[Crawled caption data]
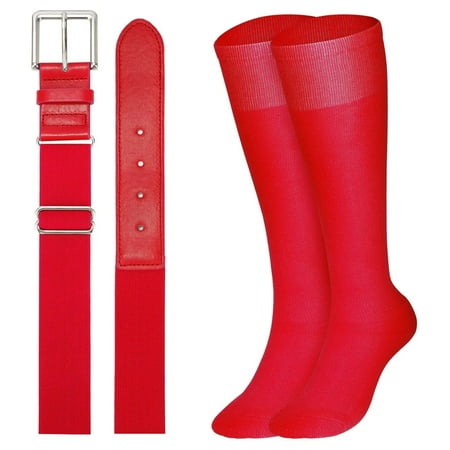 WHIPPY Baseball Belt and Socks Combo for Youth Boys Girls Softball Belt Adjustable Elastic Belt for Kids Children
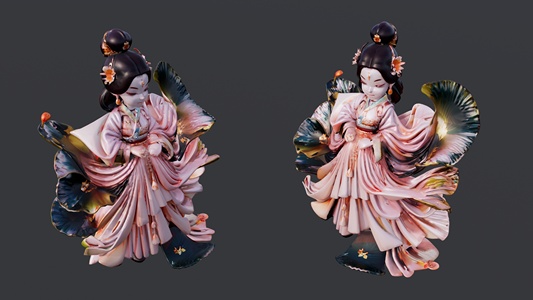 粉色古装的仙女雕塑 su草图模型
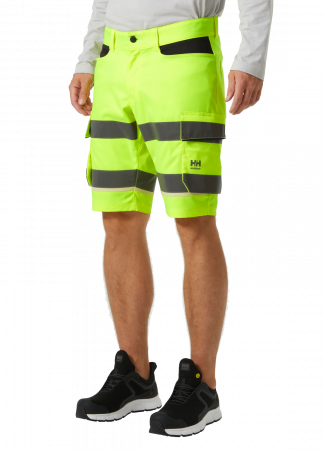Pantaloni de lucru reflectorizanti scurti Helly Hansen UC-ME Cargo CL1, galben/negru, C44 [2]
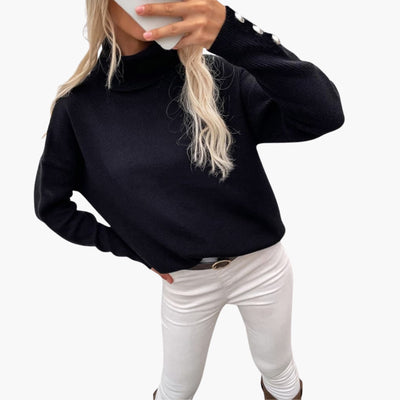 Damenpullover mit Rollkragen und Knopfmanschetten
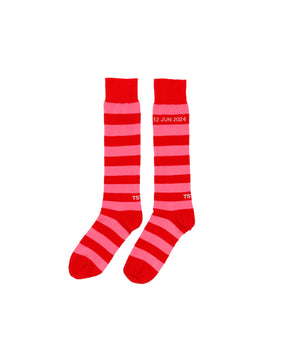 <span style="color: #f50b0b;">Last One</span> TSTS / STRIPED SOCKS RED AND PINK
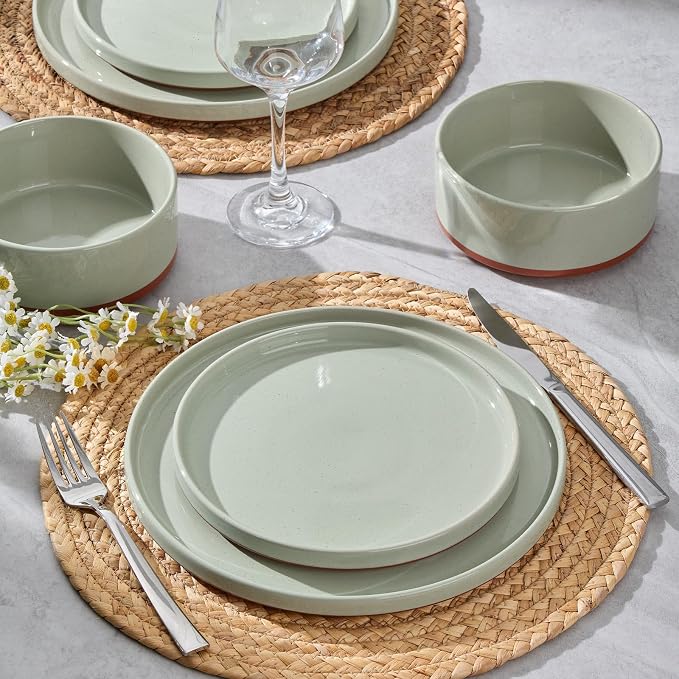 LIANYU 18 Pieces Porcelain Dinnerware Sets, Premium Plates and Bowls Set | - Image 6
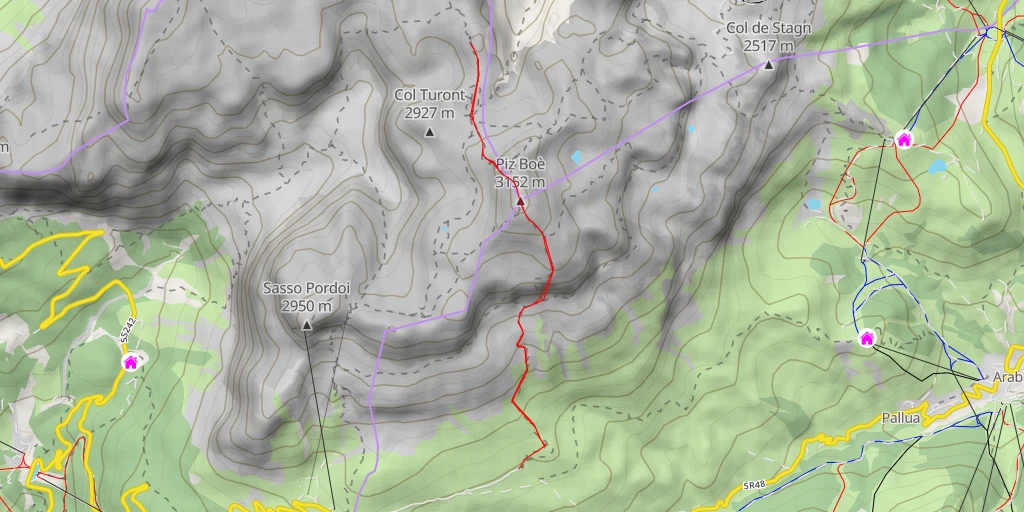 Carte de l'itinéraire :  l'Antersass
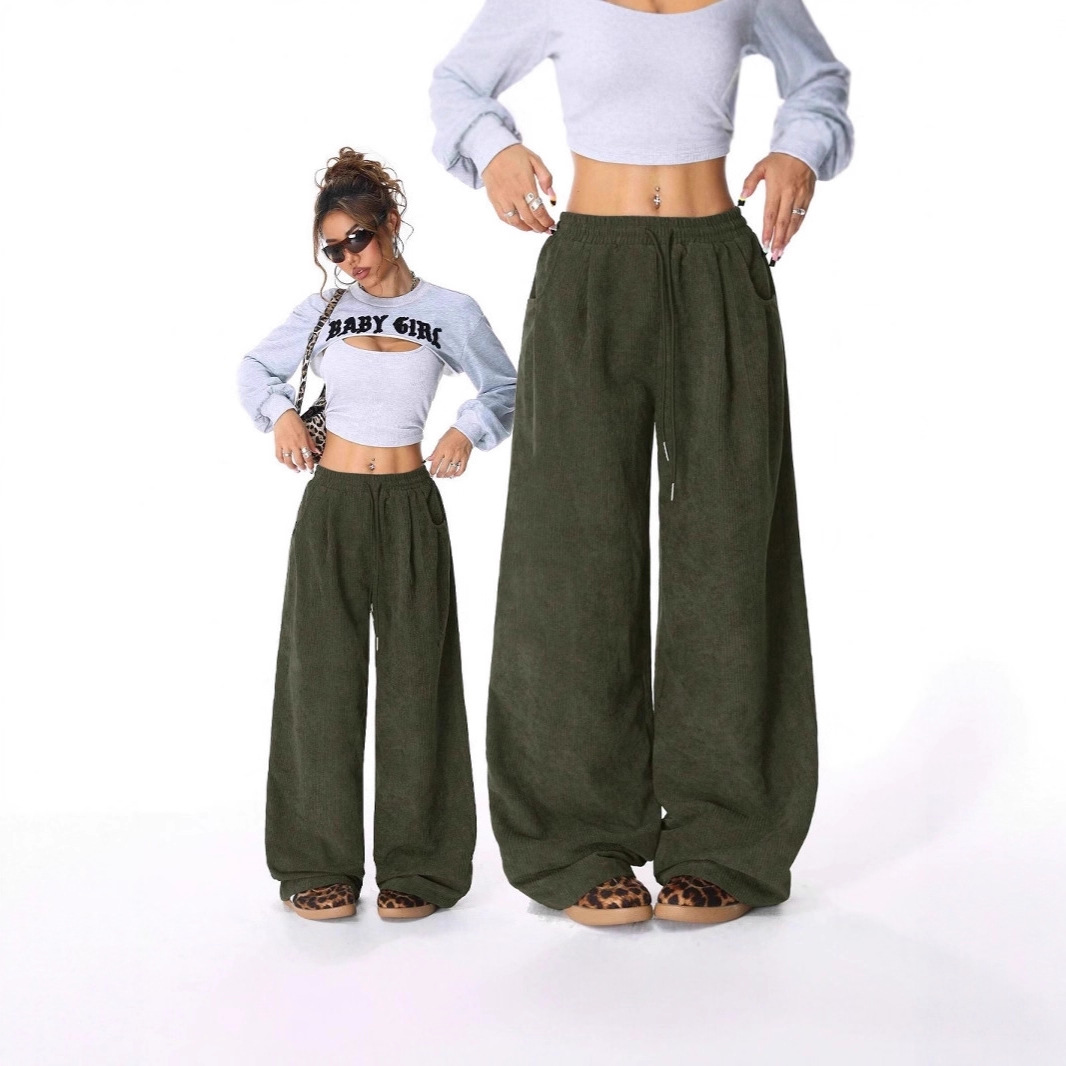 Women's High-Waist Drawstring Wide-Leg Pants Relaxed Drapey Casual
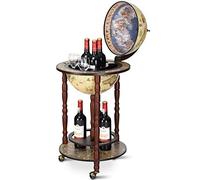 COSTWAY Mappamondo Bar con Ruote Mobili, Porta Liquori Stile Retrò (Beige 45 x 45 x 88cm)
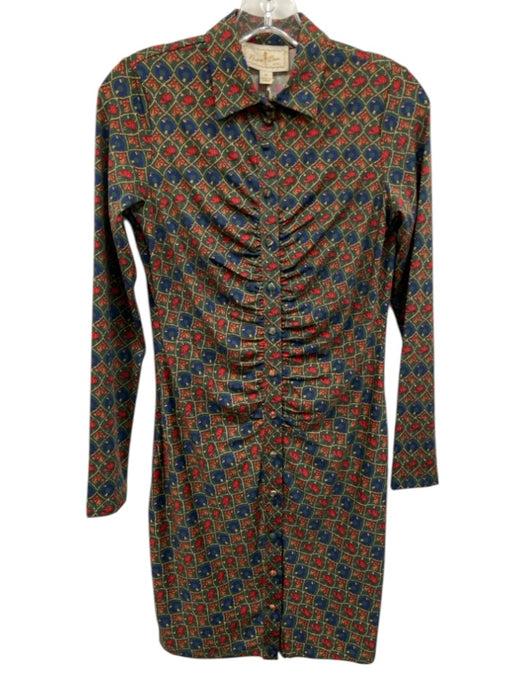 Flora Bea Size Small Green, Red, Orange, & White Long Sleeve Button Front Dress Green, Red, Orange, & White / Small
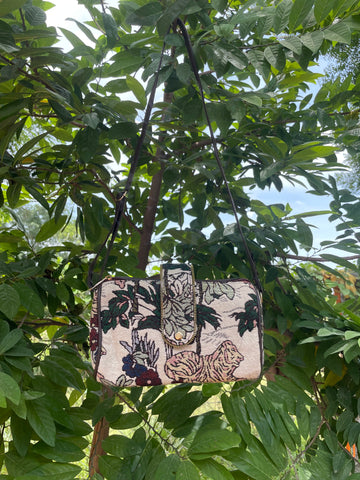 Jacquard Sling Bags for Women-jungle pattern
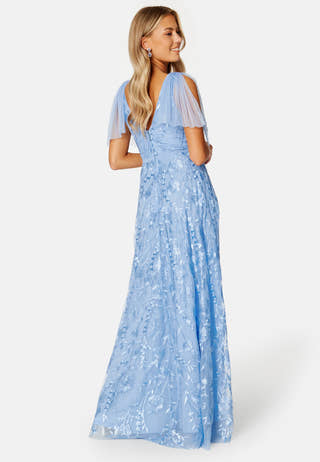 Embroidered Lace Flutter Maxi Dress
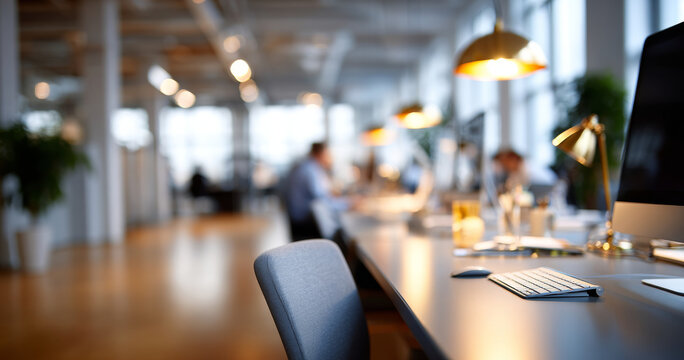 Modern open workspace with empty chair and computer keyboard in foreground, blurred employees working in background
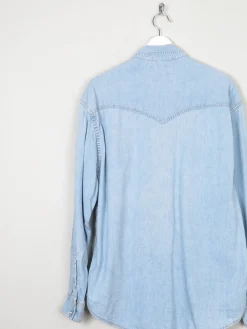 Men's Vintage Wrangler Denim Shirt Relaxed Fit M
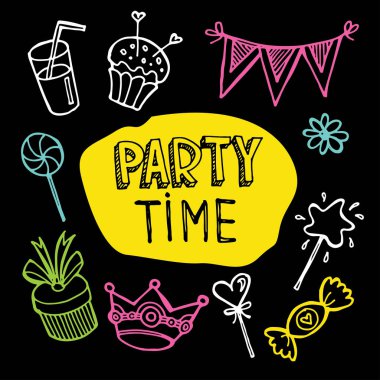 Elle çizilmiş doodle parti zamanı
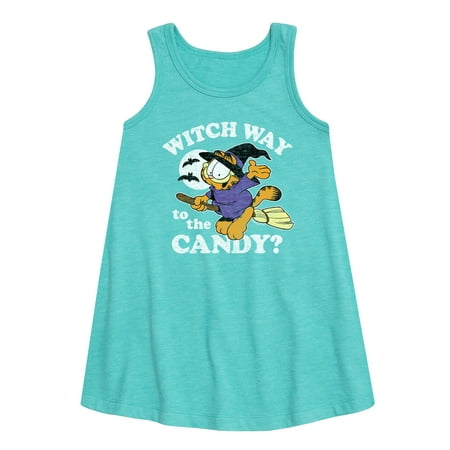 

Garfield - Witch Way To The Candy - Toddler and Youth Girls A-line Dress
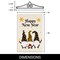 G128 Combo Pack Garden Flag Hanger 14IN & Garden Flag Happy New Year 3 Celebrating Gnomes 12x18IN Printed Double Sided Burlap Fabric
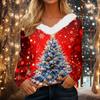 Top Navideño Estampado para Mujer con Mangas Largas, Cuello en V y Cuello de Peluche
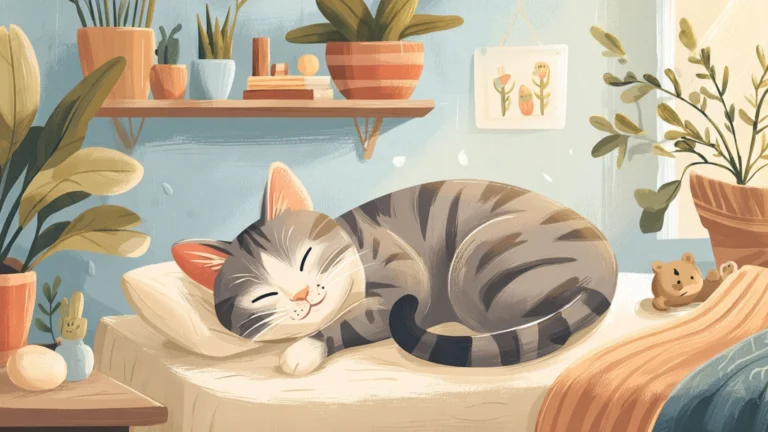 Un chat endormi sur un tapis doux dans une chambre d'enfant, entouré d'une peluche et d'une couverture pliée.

Description of the task:
The line containing "COSTWAY Mappamondo Bar" marks where the copy ends; print every line before it from the start of the records, and that line too, but no pictures.

Output for this exercise:
 WHIPPY Baseball Belt and Socks Combo for Youth Boys Girls Softball Belt Adjustable Elastic Belt for Kids Children
 粉色古装的仙女雕塑 su草图模型
Pantaloni de lucru reflectorizanti scurti Helly Hansen UC-ME Cargo CL1, galben/negru, C44 [2]
 Damenpullover mit Rollkragen und Knopfmanschetten
 <span style="color: #f50b0b;">Last One</span> TSTS / STRIPED SOCKS RED AND PINK
 LIANYU 18 Pieces Porcelain Dinnerware Sets, Premium Plates and Bowls Set | - Image 6
 Carte de l'itinéraire :  l'Antersass
 Women's High-Waist Drawstring Wide-Leg Pants Relaxed Drapey Casual
 COSTWAY Mappamondo Bar con Ruote Mobili, Porta Liquori Stile Retrò (Beige 45 x 45 x 88cm)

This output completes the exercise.